# Defining a Unified Query Interface over your Data

Query Decomposition: The ability to decompose a complex query into a simpler query given the content of the index.

Use ChatGPT as the LLM model

In [28]:
import logging
import sys

# logging.basicConfig(stream=sys.stdout, level=logging.INFO)
# logging.getLogger().addHandler(logging.StreamHandler(stream=sys.stdout))

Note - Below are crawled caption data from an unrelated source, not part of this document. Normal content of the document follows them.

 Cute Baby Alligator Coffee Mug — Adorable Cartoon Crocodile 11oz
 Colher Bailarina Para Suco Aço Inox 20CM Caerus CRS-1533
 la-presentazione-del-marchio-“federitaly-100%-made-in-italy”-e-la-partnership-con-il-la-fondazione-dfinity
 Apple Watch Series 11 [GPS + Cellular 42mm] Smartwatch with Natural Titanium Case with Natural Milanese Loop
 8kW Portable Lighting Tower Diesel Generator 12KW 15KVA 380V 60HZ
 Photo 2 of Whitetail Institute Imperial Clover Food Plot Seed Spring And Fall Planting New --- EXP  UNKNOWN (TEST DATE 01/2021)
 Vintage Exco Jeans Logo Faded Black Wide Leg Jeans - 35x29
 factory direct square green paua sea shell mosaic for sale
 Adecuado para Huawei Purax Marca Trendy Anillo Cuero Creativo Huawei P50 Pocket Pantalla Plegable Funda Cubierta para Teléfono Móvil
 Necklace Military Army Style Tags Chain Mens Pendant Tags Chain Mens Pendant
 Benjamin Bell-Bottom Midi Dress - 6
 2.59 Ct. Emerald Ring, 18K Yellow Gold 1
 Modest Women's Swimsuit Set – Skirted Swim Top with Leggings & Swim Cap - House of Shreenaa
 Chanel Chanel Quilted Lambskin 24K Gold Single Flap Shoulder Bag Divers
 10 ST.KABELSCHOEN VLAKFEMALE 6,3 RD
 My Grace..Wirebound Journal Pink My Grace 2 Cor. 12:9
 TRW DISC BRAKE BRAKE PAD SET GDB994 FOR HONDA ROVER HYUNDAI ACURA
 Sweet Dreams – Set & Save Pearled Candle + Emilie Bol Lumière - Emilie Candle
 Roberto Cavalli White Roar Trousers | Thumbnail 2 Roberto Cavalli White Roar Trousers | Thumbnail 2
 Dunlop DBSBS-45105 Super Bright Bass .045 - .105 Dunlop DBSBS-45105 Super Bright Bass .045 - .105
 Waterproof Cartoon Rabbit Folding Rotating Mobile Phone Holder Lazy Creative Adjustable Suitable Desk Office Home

# Uncomment if you want to temporarily disable logger
logger = logging.getLogger()
logger.disabled = True

In [29]:
from gpt_index import (
    GPTSimpleVectorIndex, 
    GPTSimpleKeywordTableIndex, 
    GPTListIndex, 
    GPTTreeIndex,
    SimpleDirectoryReader,
    LLMPredictor,
    ServiceContext
)
from langchain.llms.openai import OpenAIChat, OpenAI
import requests

#### Load Datasets

Load Wikipedia pages as well as Paul Graham's "What I Worked On" essay

In [30]:
wiki_titles = ["Toronto", "Seattle", "Chicago", "Boston", "Houston"]

In [31]:
from pathlib import Path

import requests
for title in wiki_titles:
    response = requests.get(
        'https://en.wikipedia.org/w/api.php',
        params={
            'action': 'query',
            'format': 'json',
            'titles': title,
            'prop': 'extracts',
            # 'exintro': True,
            'explaintext': True,
        }
    ).json()
    page = next(iter(response['query']['pages'].values()))
    wiki_text = page['extract']

    data_path = Path('data')
    if not data_path.exists():
        Path.mkdir(data_path)

    with open(data_path / f"{title}.txt", 'w') as fp:
        fp.write(wiki_text)


In [32]:
# Load all wiki documents
city_docs = {}
for wiki_title in wiki_titles:
    city_docs[wiki_title] = SimpleDirectoryReader(input_files=[f"data/{wiki_title}.txt"]).load_data()


### Building each Vector Index
Build a vector index for the wiki pages about cities and persons, and PG essay

In [33]:
# # LLM Predictor (gpt-3.5-turbo)
# llm_predictor_chatgpt = LLMPredictor(llm=OpenAIChat(temperature=0, model_name="gpt-3.5-turbo"))
# service_context = ServiceContext.from_defaults(
#     llm_predictor=llm_predictor_chatgpt, chunk_size_limit=1024
# )


llm_predictor_gpt4 = LLMPredictor(llm=OpenAIChat(temperature=0, model_name="gpt-4"))
service_context = ServiceContext.from_defaults(
    llm_predictor=llm_predictor_gpt4, chunk_size_limit=1024
)

In [None]:
# Build city document index
vector_indices = {}
for wiki_title in wiki_titles:
    # build vector index
    vector_indices[wiki_title] = GPTSimpleVectorIndex.from_documents(
        city_docs[wiki_title], service_context=service_context
    )
    # set id for vector index
    vector_indices[wiki_title].index_struct.index_id = wiki_title
    vector_indices[wiki_title].save_to_disk(f'index_{wiki_title}.json')

In [35]:
index_summaries = {}
for wiki_title in wiki_titles:
    # set summary text for city
    index_summaries[wiki_title] = (
        f"This content contains Wikipedia articles about {wiki_title}. "
        f"Use this index if you need to lookup specific facts about {wiki_title}.\n"
        "Do not use this index if you want to analyze multiple cities."
    )

In [36]:
# If indices already saved, try loading
vector_indices = {}
for wiki_title in wiki_titles:
    vector_indices[wiki_title] = GPTSimpleVectorIndex.load_from_disk(
      f'index_{wiki_title}.json', service_context=service_context
    )

#### Test Querying the Vector Index

In [None]:
response = vector_indices["Toronto"].query("What are the sports teams in Toronto?")

In [49]:
print(str(response))


The sports teams in Toronto are the Toronto Maple Leafs (NHL), Toronto Blue Jays (MLB), Toronto Raptors (NBA), Toronto Argonauts (CFL), Toronto FC (MLS), Toronto Rock (NLL), Toronto Wolfpack (RFL), and Toronto Rush (NARL).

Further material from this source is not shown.